# Crate Crying and Barking Getting Worse (it seems)



## Mrbo

Edit: He is 11 weeks (we got him right before he turned 10 weeks).

Hi all,
I've scrolled through and read some other threads about specific circumstances and what to do re: crates/crate training, but none that I read seemed to be wholly applicable. 

Here is my current situation:
As recommended by the breeder, we went cold turkey with the crate (meaning we put the puppy in there from day 1 and didn't give in to his cries/barks). 

Day 1: Bark and cry for 30 min (mostly bark), wake up at 2 am, cry again for 10 min, wake up at 6:30 and bark and cry again
Day 2: Same but no cry at 2 am
Day 3: Bark and Cry for 2.5 hours (mostly barking). 
---on this day, we may have made a mistake---once silent for 2-ish minutes, I went out there and slept next to his crate so that we could get some sleep.
Day 4: Bark and cry for 2.5 hours (usually 20-30 min barking/crying, 5-10 min silent). Wake up at 5:45 am
Day 5: Bark cry for 1 hour, then bark cry every 2 hours. Let out at 5:30 am.
Day 6: Bark cry for 1 hour, then bark cry every 2 hours. Let out at 5:00 am.
Day 7: Bark cry for 1 hour, then bark cry every 2 hours. Let out at 5:00 am.
Day 8: Fell asleep in the crate (worn out from playing with another dog)--I put him in there and sat next to the crate for 5-10 min, woke up 1.5 hours later bark and cry for about an hour. Silent until about 3 am for 30 minute. Silent until 4:30am (bark cry for 30 minute), start bark and cry at 5am. Let him outside, did his business, put him back in until 6:00 (when he bark/cried again) 


We put him in his crate around 945/10pm. and plan to get him out around 6am. Breeder said she had kept him in his crate for 8 hours at night and that we should do the same. Most nights he has an accident (pee) but 2 nights (night 4/5) he did not. 


Should we keep going cold turkey?
We have been feeding him in his crate, giving him treats and praising him when he goes in to get food and treats. Things do not seem to be improving. The crate is in our living room because we are trying to keep the bedroom as a "safe zone" for my husband until we are 100% sure he isn't reacting to the dander. 

Other suggestions are definitely welcomed (E.g., should I sleep on the couch a few nights to where he can see me?)

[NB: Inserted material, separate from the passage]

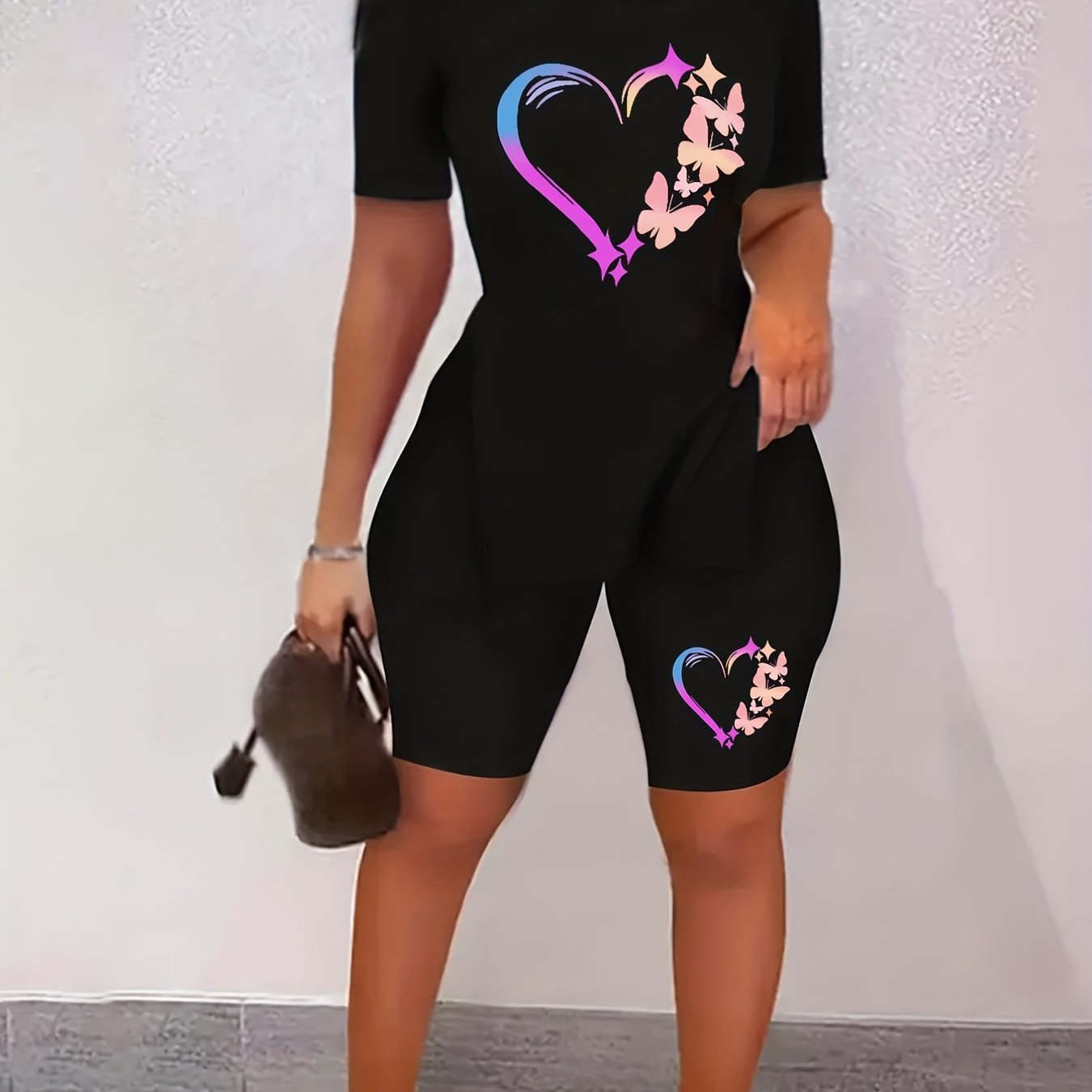 2pcs Tee & Biker Shorts Set Slit Sleeve Casual T Shirt & Biker Shorts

Losing my mind a bit here.

Thanks!


I should also mention that I put towels in the crate along with a kong with pb and a treat or two (which he ignores).


----------



## MollyMuiMa

First off, how old is he? Very young puppies sometimes need reassurance that they are not alone, it's scary being away from all his litter! Most people, for the first few weeks keep the crate in the bedroom next to the bed, where they can reach out and reassure the puppy with their voice or a touch thru the bars of the crate. Also very young pups need to be taken out at last once during the middle of the night to potty......a puppy's bladder is not really mature enough to 'hold it' all night! They really don't like to pee in their bed but if they can't wait........ 
As far as the matter of dander, because the coat of a poodle is so dense, dander does not fly around as much as it does on short haired dogs, and to keep dander at a minimum, bathing him once a week would be good if your husband is really allergic!
If the crate in the bedroom is a big no-no then yes sleeping on the couch for awhile would be good............for him anyway Hahaha!!!


----------



## asuk

I am exhausted just reading your post. How old is your puppy? It doesn't sound what you are currently doing is working.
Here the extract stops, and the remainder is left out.